The enduring appeal of Star Wars

Star Wars is a popular science-fiction film series which depicts ongoing intergalactic conflict between opposing members of a subset of the universe's inhabitants that all share a special power known as "The Force". If you are thinking to yourself, "that sounded a bit strange", you are perfectly right - it did! But why did it sound strange? The answer is simply that no one needs to explain what Star Wars is because almost everyone already knows!

There is no doubt that Star Wars is extremely popular and almost universally known all around the world. A quick glance at the overall box office takings for all six films will confirm that. Star Wars made over $4 billion from box office sales which is only beaten by the James Bond franchise (which has 16 more movies to it's name than Star Wars) and Harry Potter (well, he is a wizard after all). So how can that level of popularity be explained?

Perhaps it is because of the graphic portrayal of space and the adventure of travelling to other planets that is "every child's dream". However, even if everyone did hold the dream of travelling into the unknown depths of space, how come other space-related TV shows and films cannot manage to gain the mass popularity of the Star Wars Saga? One reason could be that the Star Wars films are very easily accessible, none of them have high enough certification to prevent children from seeing them at the cinema, so families are not precluded from seeing the films together.

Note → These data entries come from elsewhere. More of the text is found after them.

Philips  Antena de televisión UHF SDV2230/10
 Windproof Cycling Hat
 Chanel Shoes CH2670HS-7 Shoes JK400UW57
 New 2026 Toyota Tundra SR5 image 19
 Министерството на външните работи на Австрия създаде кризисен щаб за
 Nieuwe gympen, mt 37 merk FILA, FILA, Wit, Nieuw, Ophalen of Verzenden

The original Star Wars movie (Star Wars Episode IV: A New Hope) conceived by George Lucas was released in 1977 and is widely regarded as the best movie of the series. Upon it's release, Star Wars Episode IV was entirely ground breaking, boasting tremendous never-before-seen special effects and a very strong set of characters. For any science fiction movie that depicts a story line in space, the quality of the visual representation of space needs to be plausible and realistic in the minds on the audience. Episode IV did an extremely good job on this front and delivered an immediate "wow factor". Many in the industry acknowledge that the techniques employed in the making of Episode IV gave rise to much of the vast special effects industry we see flourishing today, not least of which is George Lucas' own firm, Industrial Light & Magic, providing the special effects for innumerable blockbusters ever since.

Leaving the special effects aside for a moment, Episode IV had the classic good versus evil story line, an underdog trying to over come a higher power that was seemingly unstoppable. Many of the greatest films of all time have revolved around essentially the same plot which appeals to something deep in the human psyche. When you add futuristic technology battling it out in dream-like locations; the development of life skills; special powers; and even a strange hairy Wookie who couldn't speak English but could pilot a space ship with the best of them, the whole thing becomes a heady mixture.

Three sequels and two prequels later and the franchise is as strong as ever, with an immense merchandising industry now surrounding it. Who knows what will happen next . . .or before.